◆ Action item ◆
Give back each line of the listing below that contains the string "image".

◆ Data for the task ◆
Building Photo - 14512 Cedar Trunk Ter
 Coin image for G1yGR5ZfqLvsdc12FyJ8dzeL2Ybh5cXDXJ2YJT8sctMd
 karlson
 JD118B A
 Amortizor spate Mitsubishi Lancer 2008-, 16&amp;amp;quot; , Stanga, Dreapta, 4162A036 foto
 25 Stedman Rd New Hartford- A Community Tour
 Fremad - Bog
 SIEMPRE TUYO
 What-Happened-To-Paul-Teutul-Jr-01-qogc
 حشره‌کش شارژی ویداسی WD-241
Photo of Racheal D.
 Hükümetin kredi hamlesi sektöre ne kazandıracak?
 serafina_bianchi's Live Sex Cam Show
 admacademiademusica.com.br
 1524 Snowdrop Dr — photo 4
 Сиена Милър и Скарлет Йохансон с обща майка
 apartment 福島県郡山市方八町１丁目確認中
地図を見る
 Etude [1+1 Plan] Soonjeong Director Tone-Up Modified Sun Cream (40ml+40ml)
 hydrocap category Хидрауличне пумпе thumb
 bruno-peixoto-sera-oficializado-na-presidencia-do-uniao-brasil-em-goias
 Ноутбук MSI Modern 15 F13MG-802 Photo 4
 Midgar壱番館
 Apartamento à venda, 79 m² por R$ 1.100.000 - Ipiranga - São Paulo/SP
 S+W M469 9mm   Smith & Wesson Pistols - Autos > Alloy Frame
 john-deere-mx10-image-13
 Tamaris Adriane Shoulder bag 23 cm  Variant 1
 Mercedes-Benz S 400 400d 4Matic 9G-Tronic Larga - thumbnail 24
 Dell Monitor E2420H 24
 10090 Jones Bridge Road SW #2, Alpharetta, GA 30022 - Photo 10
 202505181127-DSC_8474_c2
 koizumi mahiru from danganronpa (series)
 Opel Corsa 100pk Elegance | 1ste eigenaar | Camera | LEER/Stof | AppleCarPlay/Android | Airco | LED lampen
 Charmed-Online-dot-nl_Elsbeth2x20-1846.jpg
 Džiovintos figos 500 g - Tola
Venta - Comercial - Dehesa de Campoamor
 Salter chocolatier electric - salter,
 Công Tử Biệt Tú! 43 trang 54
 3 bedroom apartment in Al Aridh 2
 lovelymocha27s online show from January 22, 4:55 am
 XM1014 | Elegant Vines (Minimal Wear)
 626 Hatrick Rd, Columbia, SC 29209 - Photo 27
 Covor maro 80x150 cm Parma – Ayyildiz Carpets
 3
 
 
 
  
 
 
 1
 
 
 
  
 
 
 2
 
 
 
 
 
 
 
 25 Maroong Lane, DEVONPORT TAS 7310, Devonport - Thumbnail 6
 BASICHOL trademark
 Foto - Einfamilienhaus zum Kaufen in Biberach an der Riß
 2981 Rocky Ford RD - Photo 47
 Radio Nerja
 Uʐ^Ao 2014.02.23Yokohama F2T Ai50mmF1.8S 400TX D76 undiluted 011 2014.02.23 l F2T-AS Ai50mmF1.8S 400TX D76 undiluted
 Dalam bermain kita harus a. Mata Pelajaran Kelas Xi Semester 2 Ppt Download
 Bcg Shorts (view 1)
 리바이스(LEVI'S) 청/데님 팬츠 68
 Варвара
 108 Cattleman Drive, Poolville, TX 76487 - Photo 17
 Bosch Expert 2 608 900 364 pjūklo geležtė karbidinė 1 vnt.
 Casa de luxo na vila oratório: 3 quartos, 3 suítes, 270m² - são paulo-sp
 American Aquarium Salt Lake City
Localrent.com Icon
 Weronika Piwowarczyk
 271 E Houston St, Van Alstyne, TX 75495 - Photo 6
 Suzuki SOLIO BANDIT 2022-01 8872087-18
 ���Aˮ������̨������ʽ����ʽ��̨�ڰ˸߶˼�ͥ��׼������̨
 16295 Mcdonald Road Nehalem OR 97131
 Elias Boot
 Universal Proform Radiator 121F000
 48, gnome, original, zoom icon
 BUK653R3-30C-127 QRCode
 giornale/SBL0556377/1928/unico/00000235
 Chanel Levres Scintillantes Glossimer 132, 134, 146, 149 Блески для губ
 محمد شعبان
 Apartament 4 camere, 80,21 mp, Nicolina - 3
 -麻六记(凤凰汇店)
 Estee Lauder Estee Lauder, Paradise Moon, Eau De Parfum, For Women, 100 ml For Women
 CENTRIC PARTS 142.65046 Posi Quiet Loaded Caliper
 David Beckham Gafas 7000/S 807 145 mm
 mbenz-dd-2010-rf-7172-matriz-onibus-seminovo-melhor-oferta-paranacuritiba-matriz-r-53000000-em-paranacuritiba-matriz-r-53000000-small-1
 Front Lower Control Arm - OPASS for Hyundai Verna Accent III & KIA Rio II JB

◆ Problem solution ◆
 Coin image for G1yGR5ZfqLvsdc12FyJ8dzeL2Ybh5cXDXJ2YJT8sctMd
 john-deere-mx10-image-13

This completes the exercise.